Proposition : Dimension de l’Orthogonal

Soit $E$ un K-espace vectoriel de dimension finie et $f$ une forme bilinéaire symétrique sur $E$. Pour tout sous-espace vectoriel $F$ de $E$, on a :

  1. $\dim(F) + \dim(F^\perp) \ge \dim(E)$.
  2. Si de plus $f$ est non dégénérée, alors on a l’égalité : $$ \dim(F) + \dim(F^\perp) = \dim(E) $$

Démonstration

Considérons l’application linéaire $\Psi: E \to F^*$ qui à un vecteur $y \in E$ associe la restriction à $F$ de la forme linéaire $x \mapsto f(x,y)$. Le noyau de $\Psi$ est précisément l’ensemble des $y$ tels que $f(x,y)=0$ for all $x \in F$, c’est-à-dire $F^\perp$.

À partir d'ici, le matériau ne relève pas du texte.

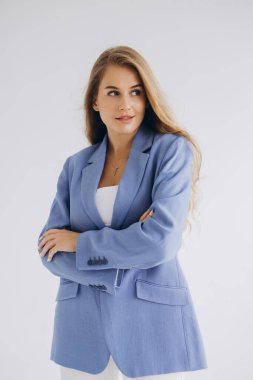 Confident young businesswoman crossing her arms and wearing a blue jacket and white shirt, looking away on a white background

i) Le théorème du rang appliqué à $\Psi$ donne $\dim(E) = \dim(Ker(\Psi)) + \dim(Im(\Psi)) = \dim(F^\perp) + \dim(Im(\Psi))$. Comme $Im(\Psi)$ est un sous-espace de $F^*$, sa dimension est au plus $\dim(F^*) = \dim(F)$. On a donc $\dim(E) \le \dim(F^\perp) + \dim(F)$.

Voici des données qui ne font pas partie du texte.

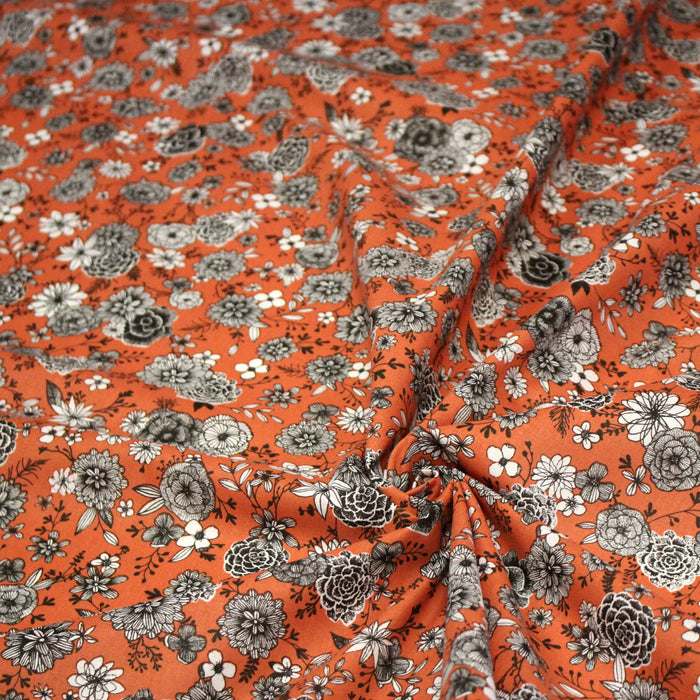 Tissu coton orange rouille & imprimé fleuri noir et blanc - COLLECTION SIRACUSA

ii) Si $f$ est non dégénérée, l’application $\Phi: E \to E^*$ (définie par $\Phi(y)(x)=f(x,y)$) est un isomorphisme. On peut montrer que l’application de restriction $\Psi$ est surjective sur $F^*$. Ainsi, $\dim(Im(\Psi)) = \dim(F^*) = \dim(F)$. Le théorème du rang donne alors l’égalité $\dim(E) = \dim(F^\perp) + \dim(F)$.

Corollaire : Biorthogonal

Soit $E$ un K-espace vectoriel de dimension finie et $f$ une forme bilinéaire symétrique non dégénérée sur $E$. Alors pour tout sous-espace vectoriel $F$ de $E$, on a : $$ (F^\perp)^\perp = F $$

Remarque

  1. Si la forme $f$ est dégénérée (avec un noyau $N(f)$), la relation devient $(F^\perp)^\perp = F + N(f)$.
  2. Même si $f$ est non dégénérée, on n’a pas toujours $E = F \oplus F^\perp$. Cela n’est vrai que si le sous-espace $F$ est lui-même non dégénéré pour la forme $f$ restreinte. Par exemple, dans $\mathbb{R}^2$ avec $f(x,y) = x_1y_1 – x_2y_2$, la droite $F=Vect(e_1+e_2)$ est son propre orthogonal, donc $F \cap F^\perp = F \neq \{0\}$.